* Instructions for the task
The range runs from the line containing "A colorful Beef" to the last line of the entries. Restate those lines word for word, without the pictures.

(Caption-style text data)
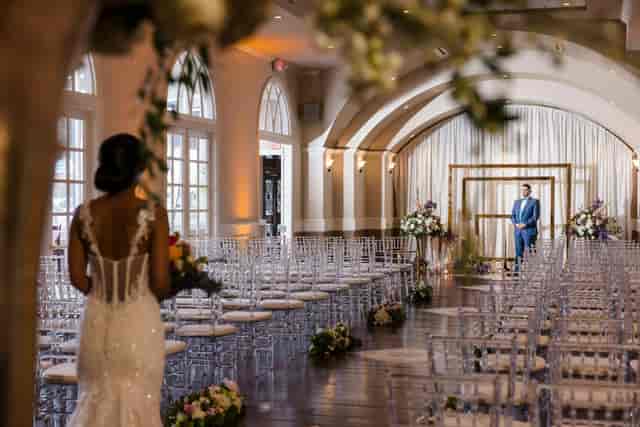 Elegant wedding ceremony setup in The Bougainvilleas with chiavari chairs and floral backdrop.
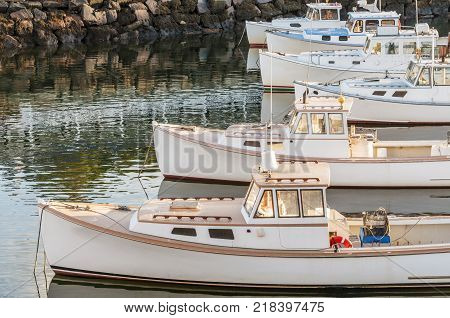 Series of fishing boats on Maine coast in Ogunquit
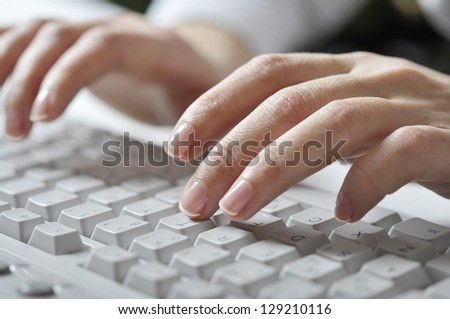 Close-up of typing female hands on white keyboard
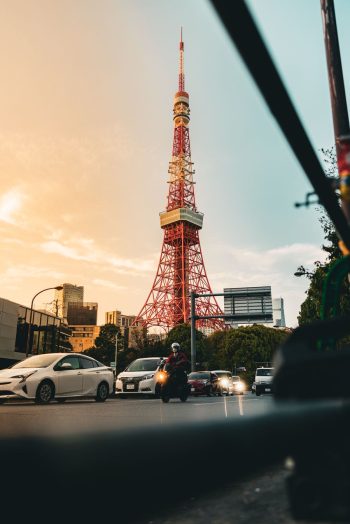 Tokyo Tower lit at sunset above evening traffic on a central Tokyo street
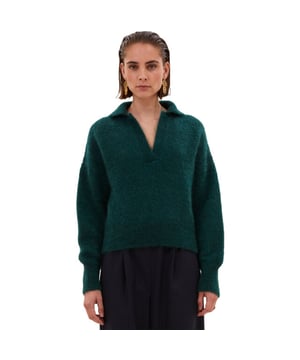 
Polo Pullover Dark Green is een poloshirt van het merk BY-BAR in de kleur groen.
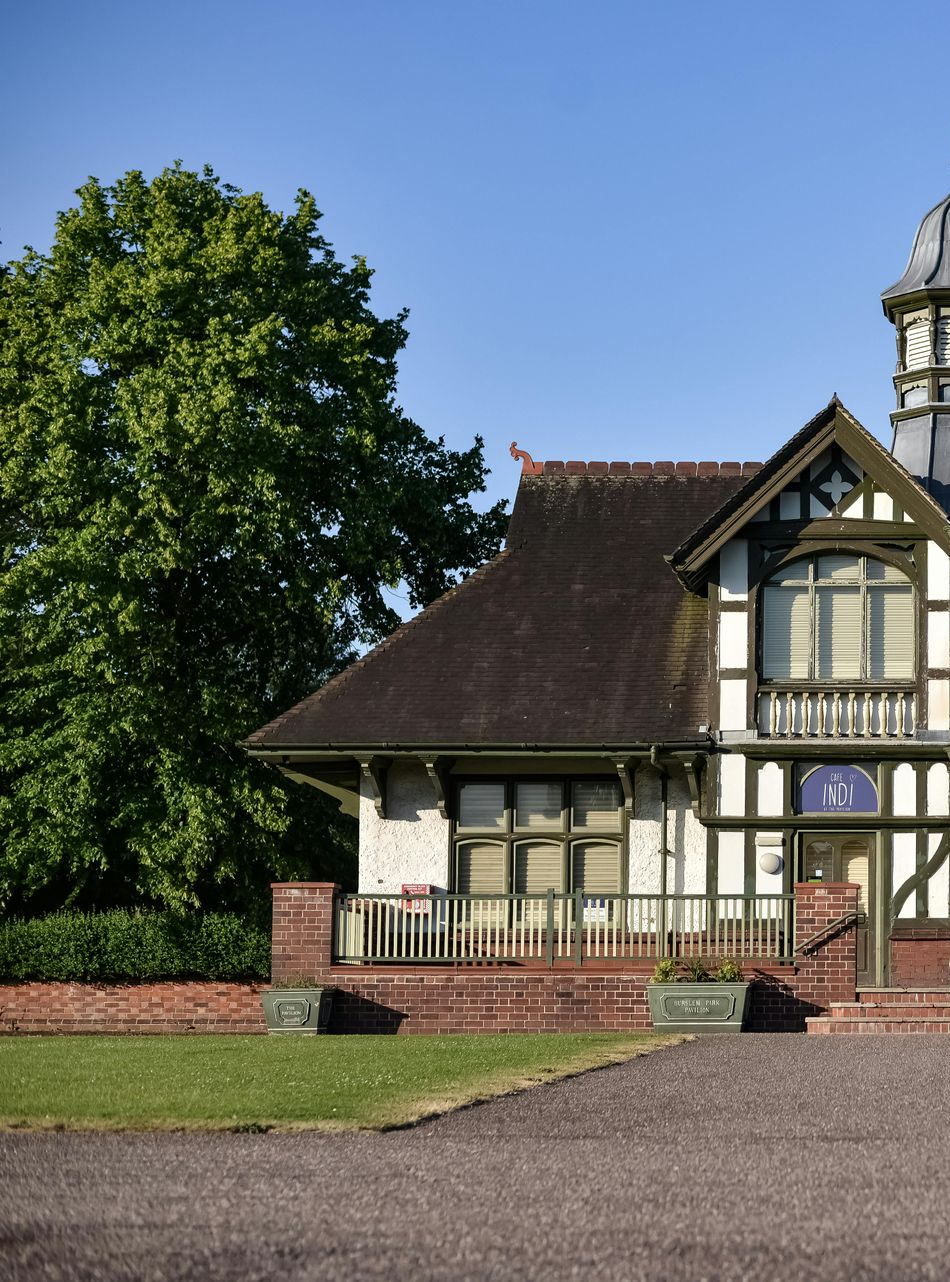 Two-story Tudor style house with green trim, brown roof, and a large tree in the background.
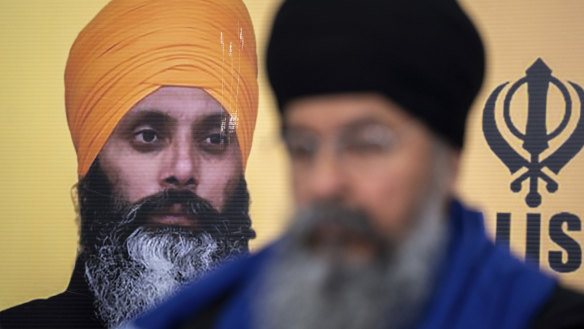 A photo of Hardeep Singh Nijjar is seen during a news conference providing an update from the Sikh community about Nijjar’s homicide.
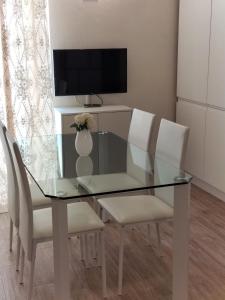 a glass dining room table with white chairs and a television at Dimora Ketty in Noci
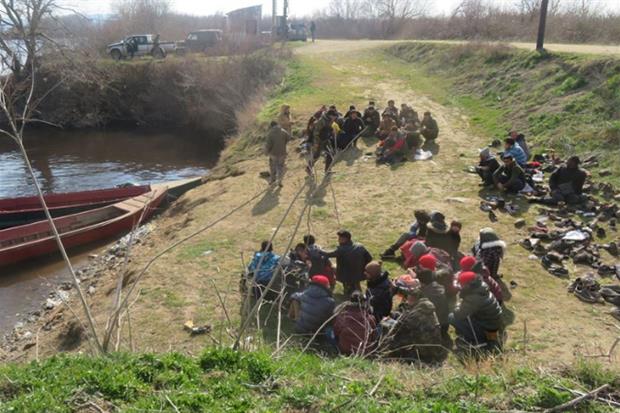 Un gruppo di profughi bloccato sul fiume Evros dai 'cacciatori' che hanno tolto loro le scarpe, ammassate tutto su un lato, in attesa che arrivi la polizia a portarli nei centri di detenzione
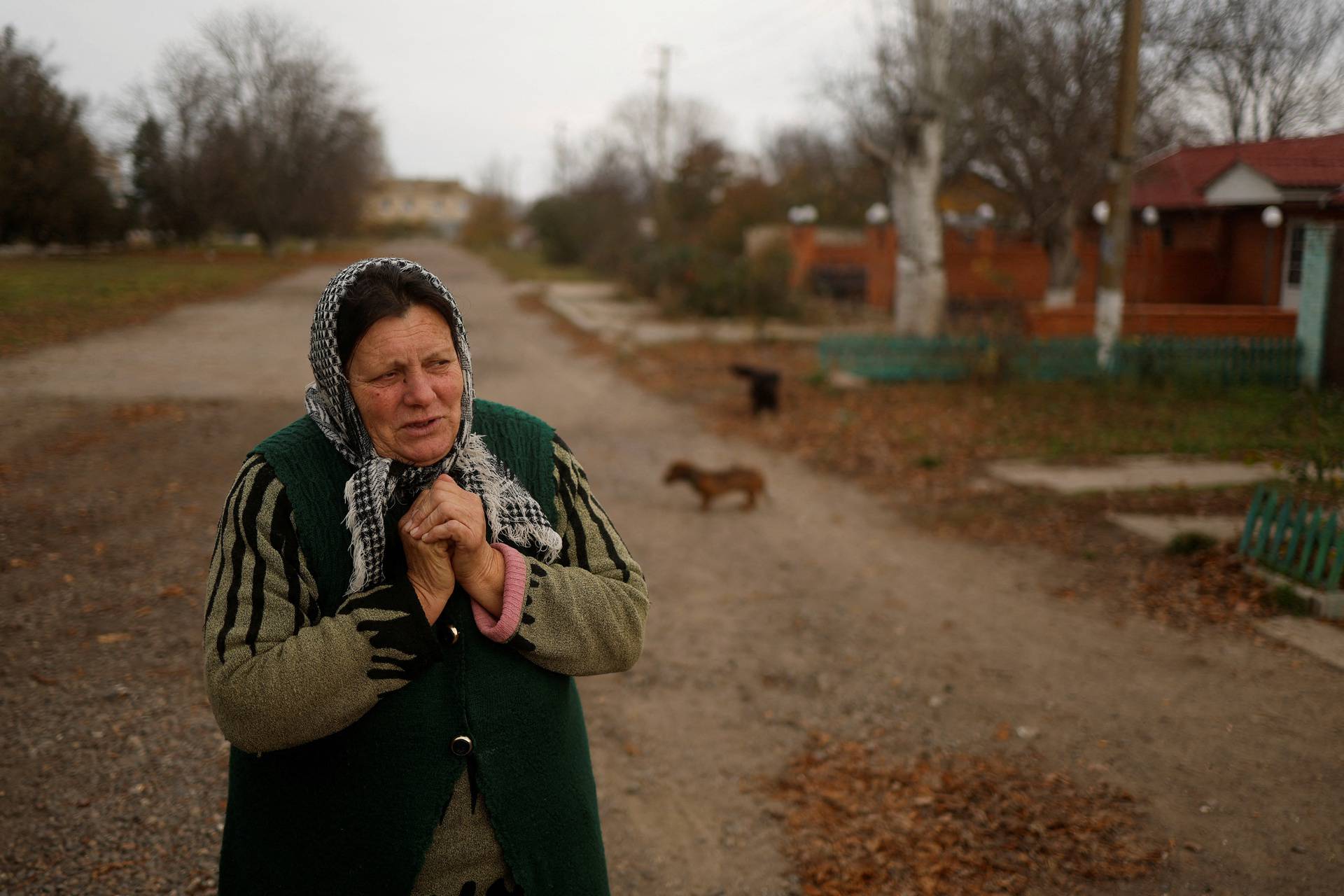 Antonina Ustymenko, 64, reacts as she speaks about Russian occupation in the village of Blahodatne in Kherson region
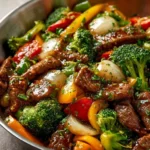 A colorful Beef Stir Fry with fresh vegetables in a savory sauce.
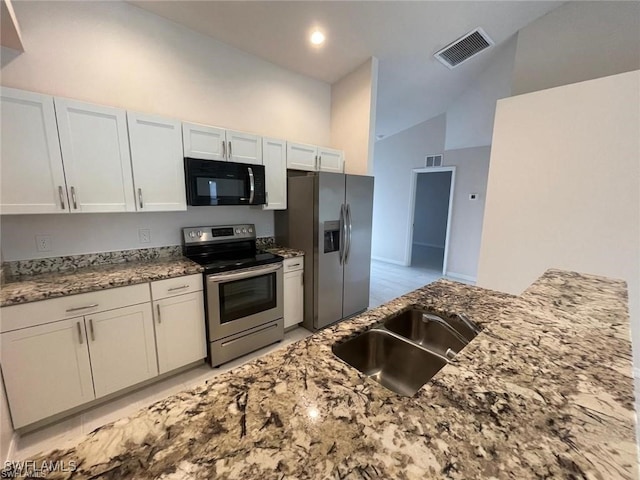 kitchen featuring high vaulted ceiling, sink, appliances with stainless steel finishes, stone countertops, and white cabinetry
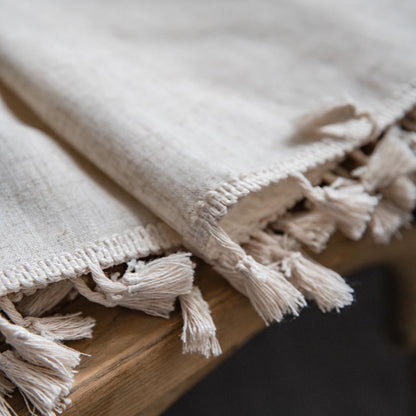 Close-up of a beige curtain with tassels on a wooden surface. Natural decor styling curtain for calm and modern interiors.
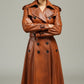 Scarlett Stitch brown leather trench coat with belt, double-breasted, epaulets, and flared skirt.
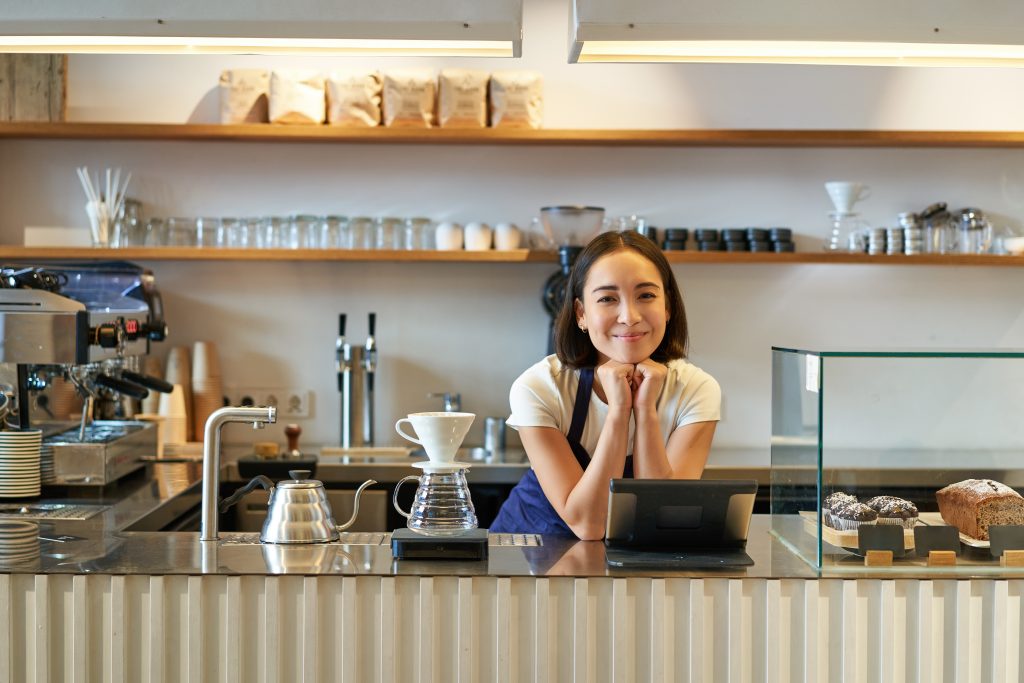 Female waiter at Irish coffee shop counter with tablet EPOS system for credit card processing Ireland reducing card processing fees Ireland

* Solution for this exercise
 A colorful Beef Stir Fry with fresh vegetables in a savory sauce.
 kitchen featuring high vaulted ceiling, sink, appliances with stainless steel finishes, stone countertops, and white cabinetry
 Close-up of a beige curtain with tassels on a wooden surface. Natural decor styling curtain for calm and modern interiors.
 Scarlett Stitch brown leather trench coat with belt, double-breasted, epaulets, and flared skirt.
 Female waiter at Irish coffee shop counter with tablet EPOS system for credit card processing Ireland reducing card processing fees Ireland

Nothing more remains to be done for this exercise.